Wideband complex-enhanced chaos generation using semiconductor laser subject to delay-interfered self-phase-modulate feedback

The interesting field of optical chaos generation based on external-cavity semiconductor laser (ECSL) has recently attracted significant research attention. In particular, ECSL-based optical chaos exhibits potential applications in numerous areas including true random bit generations, secure optical communications, and chaotic radars. However, the ECSL-generated chaos sources in these systems have limited bandwidth, which restricts the signal transmission capacity of chaos communications, the bit rate of random bit generations, as well as the precision of chaotic radars. Moreover, the optical feedback of ECSL induces a periodicity, which results in the time delay signature in the generated chaos.

The obvious time delay signature would expose the feedback delay time of the external cavity. Unfortunately, the exposes of the time delay signature has the disadvantages of degrading the randomness of random bit generation and the precision of chaotic radars, as well as threatening the security of communication systems. Therefore, development of new chaos generation methods with the ability to simultaneously enhance the bandwidth and suppress the time delay signature is highly desirable.

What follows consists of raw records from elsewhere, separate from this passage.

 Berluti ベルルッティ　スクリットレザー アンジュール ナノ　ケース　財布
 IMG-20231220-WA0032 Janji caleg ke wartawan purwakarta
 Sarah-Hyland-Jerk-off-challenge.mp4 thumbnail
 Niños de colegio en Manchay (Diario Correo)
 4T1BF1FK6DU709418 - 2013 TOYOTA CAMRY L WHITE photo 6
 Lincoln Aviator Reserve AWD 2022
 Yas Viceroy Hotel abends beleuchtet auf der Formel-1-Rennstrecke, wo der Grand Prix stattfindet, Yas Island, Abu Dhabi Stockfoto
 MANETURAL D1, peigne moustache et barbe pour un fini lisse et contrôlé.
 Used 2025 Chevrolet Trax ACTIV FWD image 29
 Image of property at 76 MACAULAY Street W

To this note, researchers at the University of Electronic Science and Technology of China: Anke Zhao (PhD student), Professor Ning Jiang, Shiqin Liu, Chenpeng Xue and Professor Kun Qiu together with Prof. Jianming Tang from the Bangor University developed a new scheme for generating wideband complexity-enhanced chaos. Fundamentally, the numerical and experimental approach made use of the electro-optic phase modulation in conjunction with the delayed interference in the feedback loop of an external-cavity semiconductor laser.

The simultaneous bandwidth enhancement and time delay signature suppression as well as the influences of the feedback strength, interference delay and phase modulation index were investigated both experimentally and numerically. The consistent experimental and numerical results indicate that wideband chaos with flat spectrum and perfect time delay signature suppression can be easily generated with the proposed scheme. The numerical results also predicted that with sufficiently good testing equipment, the effective bandwidth of chaos can reaches beyond 100GHz, which is a worldwide record in the research field of optical chaos generations. The research work is currently published in the research journal, Optics Express.

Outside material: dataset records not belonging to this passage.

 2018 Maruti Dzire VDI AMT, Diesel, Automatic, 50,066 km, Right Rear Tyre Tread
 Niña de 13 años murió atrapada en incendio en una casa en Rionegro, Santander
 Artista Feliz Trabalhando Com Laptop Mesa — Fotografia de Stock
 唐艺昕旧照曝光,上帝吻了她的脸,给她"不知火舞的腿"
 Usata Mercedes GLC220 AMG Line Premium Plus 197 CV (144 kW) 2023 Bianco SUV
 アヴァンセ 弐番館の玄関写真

In their scheme, a distributed-feedback laser was used as the chaos optical source and its output of which was passed through an optical circulator before being modulated by an electro-optic phase modulator. Then the phase-modulated light was passed through a Mach-Zehnder interferometer. Additionally, the feedback strength and the polarization feedback light state were adjusted using a variable optical attenuator and polarization controller respectively. To validate the feasibility of the proposed scheme, comparisons were made between this approach and other three relevant schemes, namely the conventional optical feedback case, the self-phase modulated optical feedback case, as well as the Mach-Zehnder interferometer + conventional optical feedback case.

The authors observed that wideband chaos with both flat spectrum and excellent time delay signature suppression characteristics can be generated over a wide dynamic operation range. When compared with the other relevant cases, the proposed method can work efficiently in chaotic regimes with significantly-enhanced bandwidth and perfectly-suppressed time delay signature. The excellent suppression characteristic of time delay signature to a level close to zero also results in the enhancement of complexity of the chaos. Additionally, the interference delay and the self-phase modulation delay did not exhibit any considerable effects on the time delay signature suppression and bandwidth enhancement.

In summary, University of Electronic Science and Technology scientists successfully demonstrated an external-cavity semiconductor laser-based chaos generation scheme supporting excellent features including wideband flat spectrum and perfect TDS suppression. The new proposed scheme will provide wideband chaos that will advance various applications such as secure optical communications and high rate random generations.